The reform is aimed at increasing transparency and confidence in the audit market by enhancing the credibility of the audited financial statements of public-interest entities (PIEs), which are companies with a significant public interest because of the nature of their business, their size, their number of employees or their corporate status, including banks, insurance companies and listed companies.
In addition, the new rules will facilitate a wider choice of audit providers, in a market that is nowadays highly concentrated in a few big accounting firms.
The main features of the agreement include:
Mandatory rotation of auditors
The new legislation will impose mandatory rotation of auditors of PIEs after a period of 10 years. Member States may allow the auditor or audit firm to continue audit of the same PIEs up to the maximum duration of 20 years where a public tendering is conducted and up to 24 years in case of a joint audit.
Prohibition and restriction on the provision of non-audit services
In order to avoid conflicts of interests and threats to independence a number of non-audit services, such as tax, consultancy and advisory services will be forbidden to be provided to the audited entity.

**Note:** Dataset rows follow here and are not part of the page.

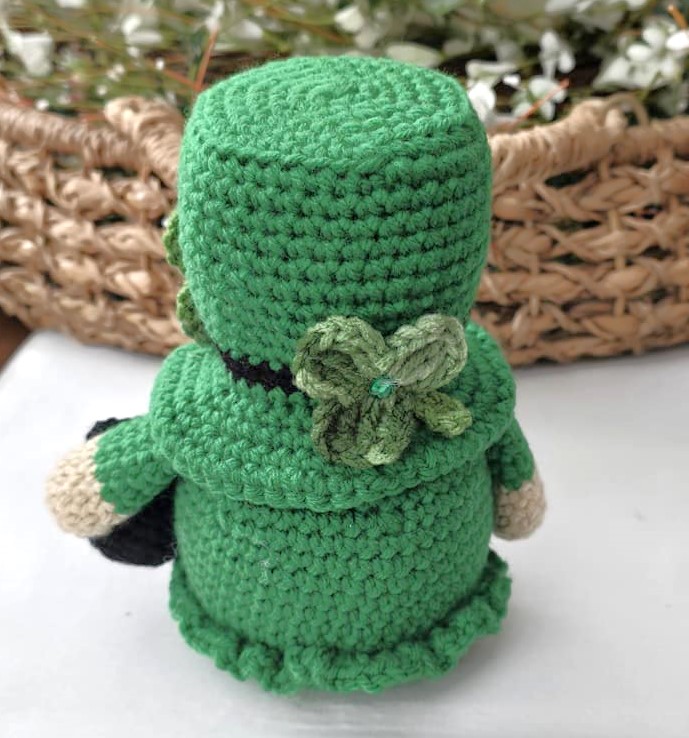 Crochet amigurumi leprechaun gnome, finished crochet, ST Patrick day gnome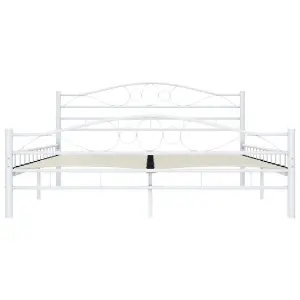 Berkfield Bed Frame White Metal 200x200 cm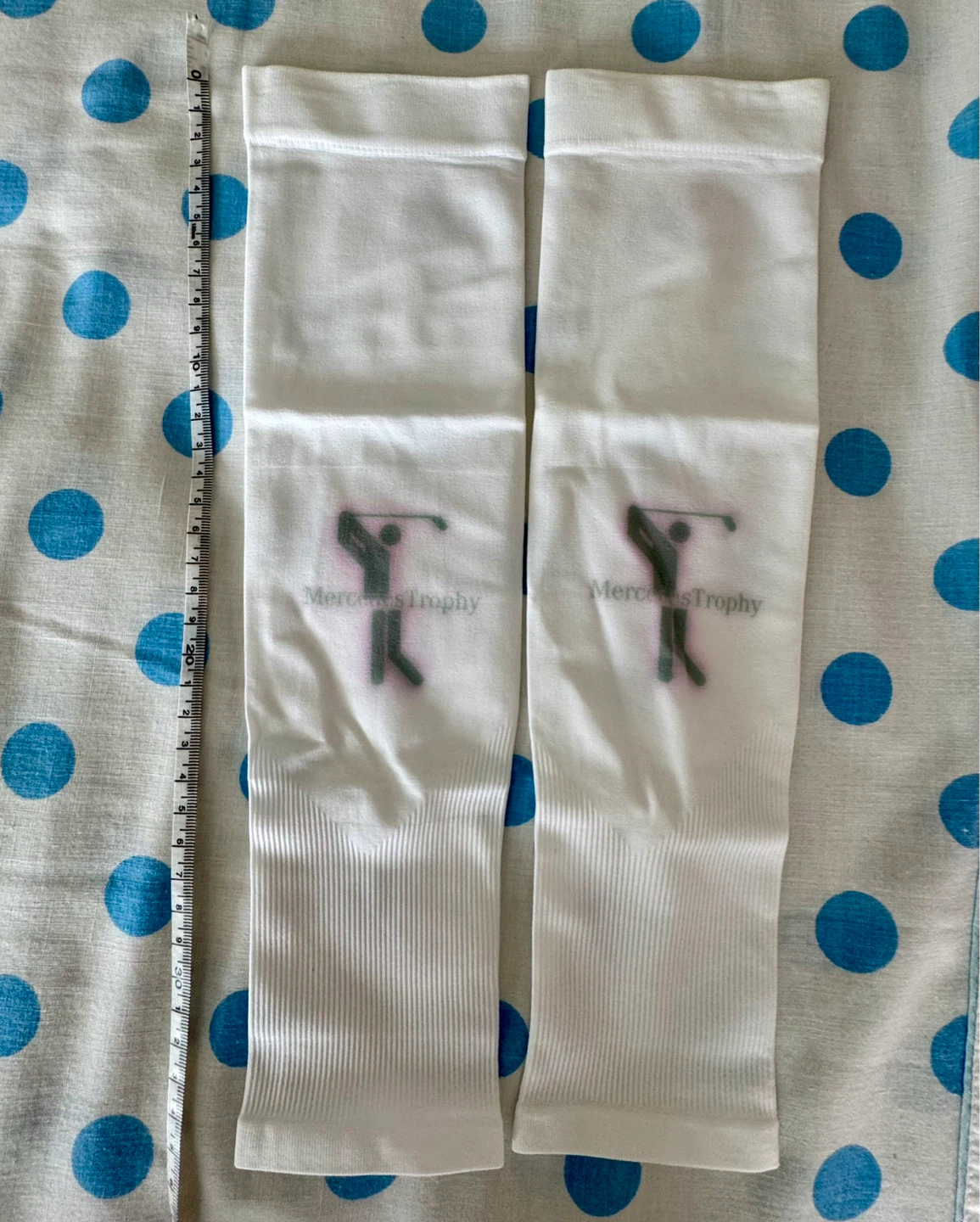 White Golf Arm Sleeves - MercusTrophy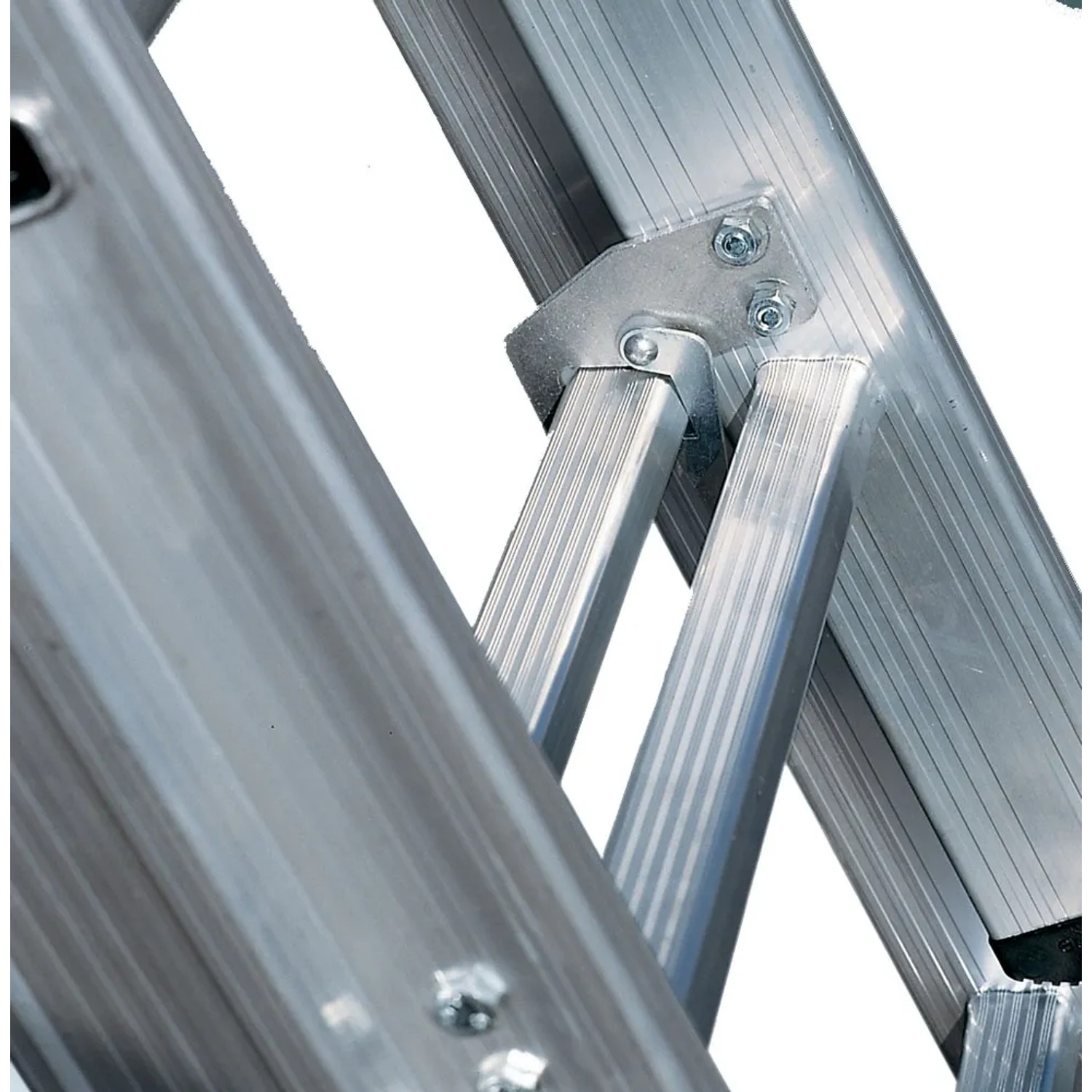 Detailaufnahme Euroline Premium Schiebeleiter: Aluminium, Sprossen und Verschraubung.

When an audit firm provides to the audited entity for three or more years, non-audit services (other than those phohibited), the total fees for such services will be limited to no more than 70 per cent of the average of the fees paid in the last three years by the audited entity.
Cooperation of audit oversight bodies
The supervision of the system will be carried out within the framework of a Committee of European Auditing Oversight Bodies (CEAOB). The European Securities and Markets Authority (ESMA) will provide assistance in the field of external relations within the structure of the CEAOB.
Press release
Commissioner Barnier welcomes provisional agreement in trilogue on the reform of the audit sector, 17.12.13
Lithuanian Presidency
“Under the compromise text, the Member States agreed today to introduce more stringent rules for the auditors and audit firms that are aimed in particular at strengthening the independence of auditors of public interest entities (PIEs) as well as at assuring greater diversity into the current highly-concentrated audit market. Furthermore, the reform is envisaging more coordinated approach to the supervision of auditors in the EU that will be leaded by the Committee of European Audit Oversight Bodies (CEAOB)”, said Lithuanian Finance Minister Rimantas Šadžius.
“I believe that the agreed audit reform package should enhance the quality of statutory audits in the EU and will help to strengthen confidence in audited financial statements, in particular those of banks, insurers and listed companies”, he concluded.
The Proposal on the changes of Audit directive 2006/43/EC and new Proposal on Audit regulation was presented by the Commission in November 2011.